Exam Definitions 20171114 Flashcards
Definition
Standardisation
The compilation of a systematic account of a language by providing dictionaries, style guides and grammars
Definition
Linguistic relativism
The idea that language influences our thinking
Definition
Linguistic determinism
The claim that language determines how we perceive and organise the world
Definition
Lingua Franca
A common language used between speakers of different linguistic backgrounds
Definition
Function
The role that language plays in communication or in particular social situations
Definition
Field
The topic discussed by the text and the nature of the activity performed
Definition
Prosodic features
Loudness, pitch, tempo and speech rhythm
Definition
Mode
The medium of communication
Definition
Language maintenance
The situation in which speakers continue to use their native language from generation to generation even though a new more powerful language is available to them
Definition
Language shift
When speakers abandon one language in favour of another
Definition
Language reclamation
The attempt to halt or reverse the decline of a language or to revive (or revitalize) an extinct one
Incentives for people to learn English as an additional language
5 Points
- Knowledge is increasingly created and disseminated in English
- English is the medium for education in very many countries across the globe.

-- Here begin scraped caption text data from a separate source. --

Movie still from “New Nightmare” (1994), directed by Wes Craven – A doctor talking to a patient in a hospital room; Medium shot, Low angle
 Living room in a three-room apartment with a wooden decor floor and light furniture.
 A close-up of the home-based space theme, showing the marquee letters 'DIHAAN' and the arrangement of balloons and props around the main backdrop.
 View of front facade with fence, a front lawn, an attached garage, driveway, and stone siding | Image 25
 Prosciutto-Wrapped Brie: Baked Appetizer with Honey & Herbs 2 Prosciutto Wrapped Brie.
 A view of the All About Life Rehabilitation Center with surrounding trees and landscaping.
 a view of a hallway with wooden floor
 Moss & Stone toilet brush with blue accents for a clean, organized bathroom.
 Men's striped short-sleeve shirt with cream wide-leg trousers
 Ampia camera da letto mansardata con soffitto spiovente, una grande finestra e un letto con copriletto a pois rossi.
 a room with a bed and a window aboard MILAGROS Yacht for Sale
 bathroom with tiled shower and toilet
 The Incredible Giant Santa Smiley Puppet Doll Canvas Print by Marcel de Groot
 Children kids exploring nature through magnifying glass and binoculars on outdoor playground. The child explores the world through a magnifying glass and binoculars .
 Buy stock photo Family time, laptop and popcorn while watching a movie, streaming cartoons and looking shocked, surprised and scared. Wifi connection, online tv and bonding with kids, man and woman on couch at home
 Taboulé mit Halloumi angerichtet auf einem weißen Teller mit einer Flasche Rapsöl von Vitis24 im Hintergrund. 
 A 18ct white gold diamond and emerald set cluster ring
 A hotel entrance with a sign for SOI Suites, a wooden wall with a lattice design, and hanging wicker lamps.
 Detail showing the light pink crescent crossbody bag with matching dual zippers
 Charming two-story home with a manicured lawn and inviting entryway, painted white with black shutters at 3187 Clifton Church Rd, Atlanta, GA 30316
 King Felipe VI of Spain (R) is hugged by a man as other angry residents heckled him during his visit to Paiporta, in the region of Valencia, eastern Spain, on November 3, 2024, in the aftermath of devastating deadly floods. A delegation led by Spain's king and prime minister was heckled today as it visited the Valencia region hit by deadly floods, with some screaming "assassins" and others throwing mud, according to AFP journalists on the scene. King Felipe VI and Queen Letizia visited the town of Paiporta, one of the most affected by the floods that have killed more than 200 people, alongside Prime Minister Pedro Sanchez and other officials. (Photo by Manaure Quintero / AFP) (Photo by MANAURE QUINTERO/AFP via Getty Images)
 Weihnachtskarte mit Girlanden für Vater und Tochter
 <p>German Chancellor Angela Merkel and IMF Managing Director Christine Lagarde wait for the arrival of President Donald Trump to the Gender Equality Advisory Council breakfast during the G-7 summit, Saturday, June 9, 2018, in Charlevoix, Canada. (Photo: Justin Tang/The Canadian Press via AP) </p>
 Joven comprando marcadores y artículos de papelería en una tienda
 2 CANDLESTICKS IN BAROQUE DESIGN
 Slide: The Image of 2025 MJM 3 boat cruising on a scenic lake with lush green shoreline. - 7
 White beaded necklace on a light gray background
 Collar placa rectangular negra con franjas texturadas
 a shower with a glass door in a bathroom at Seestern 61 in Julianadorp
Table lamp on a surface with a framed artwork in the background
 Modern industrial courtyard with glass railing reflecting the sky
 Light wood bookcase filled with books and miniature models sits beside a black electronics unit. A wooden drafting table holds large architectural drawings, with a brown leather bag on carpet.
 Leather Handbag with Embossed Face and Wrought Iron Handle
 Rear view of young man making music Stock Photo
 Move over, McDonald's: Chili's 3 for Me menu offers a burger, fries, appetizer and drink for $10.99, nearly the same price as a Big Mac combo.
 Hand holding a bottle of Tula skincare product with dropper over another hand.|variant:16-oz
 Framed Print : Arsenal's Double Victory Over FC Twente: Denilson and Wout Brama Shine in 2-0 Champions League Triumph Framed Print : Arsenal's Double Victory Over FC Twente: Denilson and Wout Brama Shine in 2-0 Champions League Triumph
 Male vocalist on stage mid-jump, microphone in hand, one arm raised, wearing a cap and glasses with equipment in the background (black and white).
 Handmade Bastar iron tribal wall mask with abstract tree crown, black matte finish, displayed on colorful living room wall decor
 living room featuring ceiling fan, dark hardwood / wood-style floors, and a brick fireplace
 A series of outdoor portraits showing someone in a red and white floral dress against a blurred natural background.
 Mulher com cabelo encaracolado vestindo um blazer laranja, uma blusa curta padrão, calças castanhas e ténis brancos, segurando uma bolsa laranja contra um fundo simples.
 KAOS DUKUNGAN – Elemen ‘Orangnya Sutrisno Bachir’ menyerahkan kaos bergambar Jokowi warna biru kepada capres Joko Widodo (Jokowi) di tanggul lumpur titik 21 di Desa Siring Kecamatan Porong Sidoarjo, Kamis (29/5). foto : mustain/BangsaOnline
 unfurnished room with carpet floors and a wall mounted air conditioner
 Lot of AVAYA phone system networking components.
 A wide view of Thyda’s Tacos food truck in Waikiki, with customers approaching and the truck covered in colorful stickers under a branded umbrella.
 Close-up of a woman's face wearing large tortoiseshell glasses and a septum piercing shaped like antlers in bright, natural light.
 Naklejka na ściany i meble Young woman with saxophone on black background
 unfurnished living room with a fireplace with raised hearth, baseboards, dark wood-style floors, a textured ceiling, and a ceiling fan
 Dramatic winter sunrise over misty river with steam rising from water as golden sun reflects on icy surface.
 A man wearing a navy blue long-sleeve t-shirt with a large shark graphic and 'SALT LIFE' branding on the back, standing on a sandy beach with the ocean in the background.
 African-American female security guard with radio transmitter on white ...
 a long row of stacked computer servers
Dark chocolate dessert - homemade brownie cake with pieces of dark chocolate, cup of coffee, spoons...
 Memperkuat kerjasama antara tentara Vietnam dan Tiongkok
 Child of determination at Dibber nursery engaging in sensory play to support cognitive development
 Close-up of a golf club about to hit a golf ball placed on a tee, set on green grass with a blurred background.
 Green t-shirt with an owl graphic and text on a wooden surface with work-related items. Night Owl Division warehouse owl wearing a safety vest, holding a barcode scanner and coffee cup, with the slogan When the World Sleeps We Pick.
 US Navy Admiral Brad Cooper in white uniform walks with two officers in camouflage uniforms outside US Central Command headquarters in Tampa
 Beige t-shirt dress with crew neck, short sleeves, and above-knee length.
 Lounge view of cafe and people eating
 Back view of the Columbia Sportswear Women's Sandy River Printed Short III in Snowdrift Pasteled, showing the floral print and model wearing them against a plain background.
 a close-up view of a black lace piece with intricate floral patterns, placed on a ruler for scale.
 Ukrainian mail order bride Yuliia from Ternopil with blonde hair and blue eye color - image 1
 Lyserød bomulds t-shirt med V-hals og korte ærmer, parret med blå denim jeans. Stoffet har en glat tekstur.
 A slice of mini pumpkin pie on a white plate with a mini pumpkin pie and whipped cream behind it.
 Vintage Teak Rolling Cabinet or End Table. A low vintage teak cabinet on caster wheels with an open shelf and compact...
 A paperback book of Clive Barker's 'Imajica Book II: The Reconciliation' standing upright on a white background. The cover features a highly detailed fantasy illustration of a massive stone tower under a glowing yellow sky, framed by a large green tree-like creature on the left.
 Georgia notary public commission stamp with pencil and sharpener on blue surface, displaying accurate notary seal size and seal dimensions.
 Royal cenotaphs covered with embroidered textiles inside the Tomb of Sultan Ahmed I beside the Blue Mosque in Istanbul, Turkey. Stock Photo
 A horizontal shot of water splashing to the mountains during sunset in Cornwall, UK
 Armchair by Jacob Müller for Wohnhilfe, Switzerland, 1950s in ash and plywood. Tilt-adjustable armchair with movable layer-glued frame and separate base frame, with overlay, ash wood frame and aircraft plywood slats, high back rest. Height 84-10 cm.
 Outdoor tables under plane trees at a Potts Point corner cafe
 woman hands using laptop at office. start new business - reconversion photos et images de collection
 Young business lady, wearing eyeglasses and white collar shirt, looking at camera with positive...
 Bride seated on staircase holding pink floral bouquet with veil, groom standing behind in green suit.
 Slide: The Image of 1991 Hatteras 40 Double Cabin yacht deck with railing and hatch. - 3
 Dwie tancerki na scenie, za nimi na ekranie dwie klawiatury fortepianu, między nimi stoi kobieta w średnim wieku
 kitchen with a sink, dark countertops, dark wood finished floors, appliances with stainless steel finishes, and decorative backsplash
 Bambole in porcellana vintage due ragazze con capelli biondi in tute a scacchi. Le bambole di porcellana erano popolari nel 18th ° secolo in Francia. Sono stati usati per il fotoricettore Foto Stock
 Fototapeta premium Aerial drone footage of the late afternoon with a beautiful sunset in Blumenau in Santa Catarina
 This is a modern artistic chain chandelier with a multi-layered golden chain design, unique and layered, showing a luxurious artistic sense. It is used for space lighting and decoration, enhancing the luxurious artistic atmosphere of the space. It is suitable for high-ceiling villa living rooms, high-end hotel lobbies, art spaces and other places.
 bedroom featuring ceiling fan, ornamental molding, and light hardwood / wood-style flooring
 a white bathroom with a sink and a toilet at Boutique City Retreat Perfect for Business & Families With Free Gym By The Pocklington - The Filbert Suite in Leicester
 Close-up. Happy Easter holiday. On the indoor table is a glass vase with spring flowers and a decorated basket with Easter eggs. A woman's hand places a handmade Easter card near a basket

- English is the language of economic development.
- Businesses have adopted English as the global lingua france.
- There is a perception that English will provide access to jobs.
Define
ethnolect
A variety that identifies its speakers by their ethnicity and usually influenced by their L1 (first language).
Identify six countries, which belong to Kachru’s Inner Circle of World Englishes.
- United Kingdom
- United States of America
- Ireland
- New Zealand
- Australia
- Canada
What are two important differences between a pidgin and a creole?
Any 2 reasonable differences
- Creoles are spoken as a mother tongue, are codified and standardised, are more complex, have a wider range of functions.
- Pidgins aren’t anybody’s first language, are short-lived typically, make do with limited vocabularies, used in limited contexts, lack the stylistic variation of a first language, require far less complex and flexible syntactic structures.
Describe the process of creolisation
Any one of the following:
- When children are brought up speaking the pidgin as their first language, it becomes a creole.
- A creole is a nativized pidgin.
- a historical process whereby a creole or creole-like language develops from a contact language/pidgin
Explain why the label “variety of English” may be problematic when describing a creole
Provide 3 reasons (List of 4 suggested)
- At the “vernacular end” of the standard creole-continuum, the creole would probably be unintelligible to English speakers/not mutually intelligible with Standard English.
- The very “unEnglish-looking” structures that characterize creoles also make this problematic.
- The speakers themselves would never call their language a kind of English either.
- Their unique development as contact language sets them apart from English.
Approximately how many Aboriginal languages have died since the arrival of white Australians?
Approximately 80-160 Indigenous languages have died.
Others estimate 110-160.
(Only around 120 of the original 200-250 languages remain today according to National Indigenous Languages Survey, p. 143 in LTL
Name one of the programs trying to revive Aboriginal languages.
- National Indigenous Languages Survey
- The Kaurna language project in South Australia
- The Aboriginal Languages Project in NSW
- Living Archive of Indigenous Languages.